In an election campaign that has comprised mostly empty rhetoric and been devoid of meaty debates on real choices, the complete silence on what is going on across the border with Pakistan may not be perplexing, but is nevertheless worth some reflection. Could it be that national security concerns are not election issues (in which case, the obvious question would be: why not?)? It certainly isn’t the case that the issue is not new, live or real, because it is all three. It cannot be that there is no difference in the positions of the major parties when it comes to external security. It was the BJP and its predecessor, the Jana Sangh, that was pro-bomb from the very beginning. It is the BJP that has always argued in favour of a muscular stance on defence and foreign policy issues. And, of course, it is the BJP that has used Pakistan as a surrogate for its communal stance against Muslims. Indeed, given the BJP’s slogan offering a ‘nirnayak sarkar’ (decisive government), a strong counter to the jihadi threat from across the border would have been a good issue to highlight—or so one would have thought.
Just as any worthwhile opposition party would have sought to put the government on the spot by asking it to spell out its response to the very real possibility of Pakistan either collapsing or being over-run by the Taliban, any ruling party which feels it has done enough to secure the country against attacks from across the border would have tried to highlight that fact. It is when neither has done what is expected that the questions arise. Here is a country which represents India’s biggest (or at least most immediate) security threat, a country from where the attack on Parliament emanated, a country from where the attack on Mumbai originated. Its break-up, however, multiplies manifold the threat India that faces from it. The Taliban and other Islamist forces will be right at India’s doorstep, and their potential to attack that much greater. And as US Secretary of State Hillary Clinton has pointed out, the US government is worried about the “unthinkable” in Pakistan, which is the Taliban and al-Qaeda getting “the keys to the nuclear arsenal”. In other words, even the world’s sole superpower is no longer certain that it can keep things under control when it comes to the “Islamic” bomb. So why are India’s two major parties silent?
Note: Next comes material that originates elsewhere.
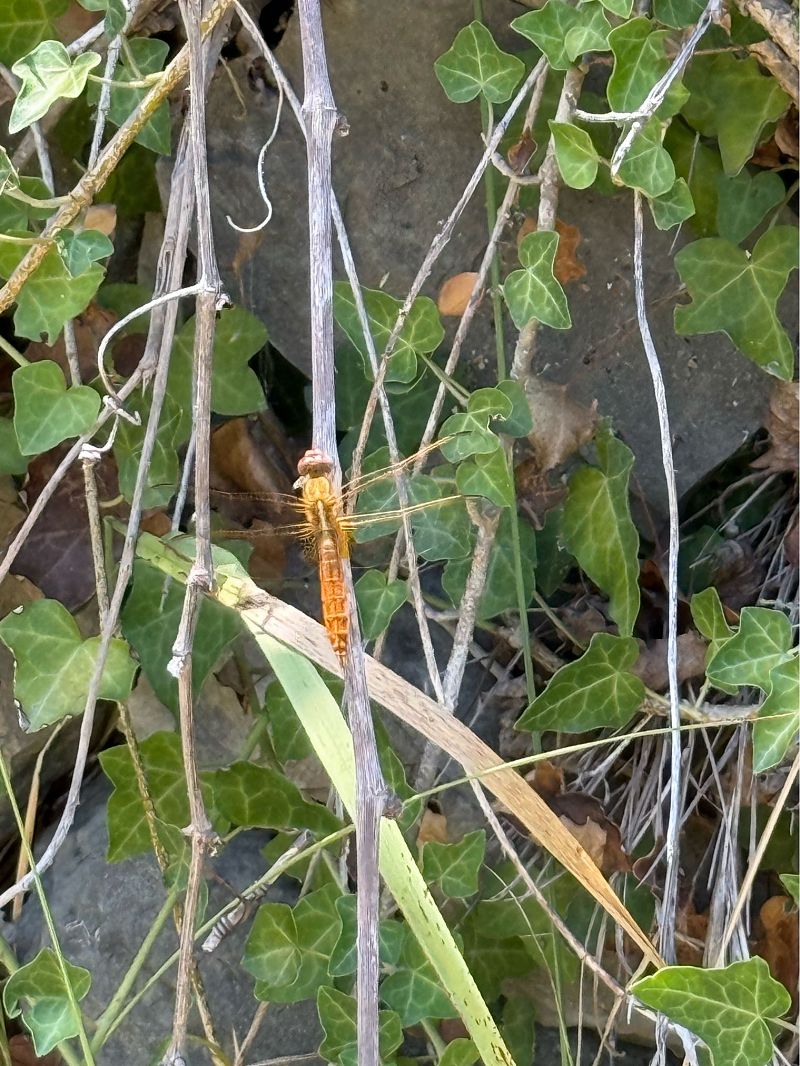 Crocothemis erythraea  - Andrea Galimberti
Perhaps BJP leaders think this is an issue that could boomerang on the party. After all, the attack on Mumbai did not translate into the kind of pro-BJP wave that the party’s leaders had hoped would take place in the state elections that followed. The party could also be wary of a Congress counter-attack, asking what the BJP did when the attack on Parliament and the aggression in Kargil both took place on the BJP’s watch? Indeed, it amassed its troops on the border and almost got the country into a nuclear confrontation with Pakistan. So much safer, then, to take potshots at “weak” prime ministers! But it is obvious that whichever government assumes office after the elections will have Pakistan very high on its list of immediate concerns, and voters have a right to know what the issues and choices are. They remain in the dark because neither the ruling party nor the opposition is willing to focus on what could, in a worst case scenario, become an existential issue for the country.